Almost a year after announcing its intention to enter the country, Spotify fights Warner injunction and rolls out its service in India, as it continues its global expansion outside the West


Spotify launched its music streaming service in India on February 27, almost a year after the company first announced its intention to make its service available in the world's second-most populated country.

The music streaming giant, who finally went public last year, has developed its service to be "finely tuned to music fans personal taste". This means exclusive features such as playlists specifically made for an Indian audience by a team of Indian music experts and movie playlists from the most popular Bollywood, Tollywood, Kollywood and Punjabi actors. Since many Indians speak several local languages, Spotify has also introduced multi-language music recommendations in Hindi, Punjabi, Tamil and Telug.

For the first time ever, the company has also allowed Indian users who do not pay for a subscription to play any song on demand on mobile, as part of a service called Spotify Free, while the premium service is priced at INR119 ($1.67) a month.
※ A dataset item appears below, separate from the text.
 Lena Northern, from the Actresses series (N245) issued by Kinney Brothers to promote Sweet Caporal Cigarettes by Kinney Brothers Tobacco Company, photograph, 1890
"The mobile internet revolution has led to a rapid rise in the number of connected Indians, making music streaming the preferred way to enjoy music here," commented Amarjit Singh Batra, managing director of Spotify India.

Spotify founder and CEO Daniel Ek added: "As Spotify grows, our goal is to bring millions of artists and billions of fans together from every country and background. India has an incredibly rich music culture, and to best serve this market, we're launching a custom-built experience. Not only will Spotify bring Indian artists to the world, we'll also bring the world's music to fans across India. Spotify's music family just got a whole lot bigger."

However, the Indian launch has been far from smooth. Spotify has been locked in a months-long legal battle with Warner's publishing division, Warner/Chappell Music, ever since a deal between the companies fell apart at the last minute as, according to Spotify, Warner "revoked a previously agreed-upon publishing license for reasons wholly unrelated to Spotify's launch in India".

Warner then went on to file an injection against Spotify, claiming that the service had "falsely asserted a statutory license" in India. However, the injunction was denied on February 26 allowing Spotify to roll out its service in the country.

With a population of around 1.3 billion people, the Indian streaming market has huge potential, as internet users continue to soar. Spotify has more than 207 million active users across the globe, but it is currently trying to expand outside of European and North American markets as it searches for new subscribers.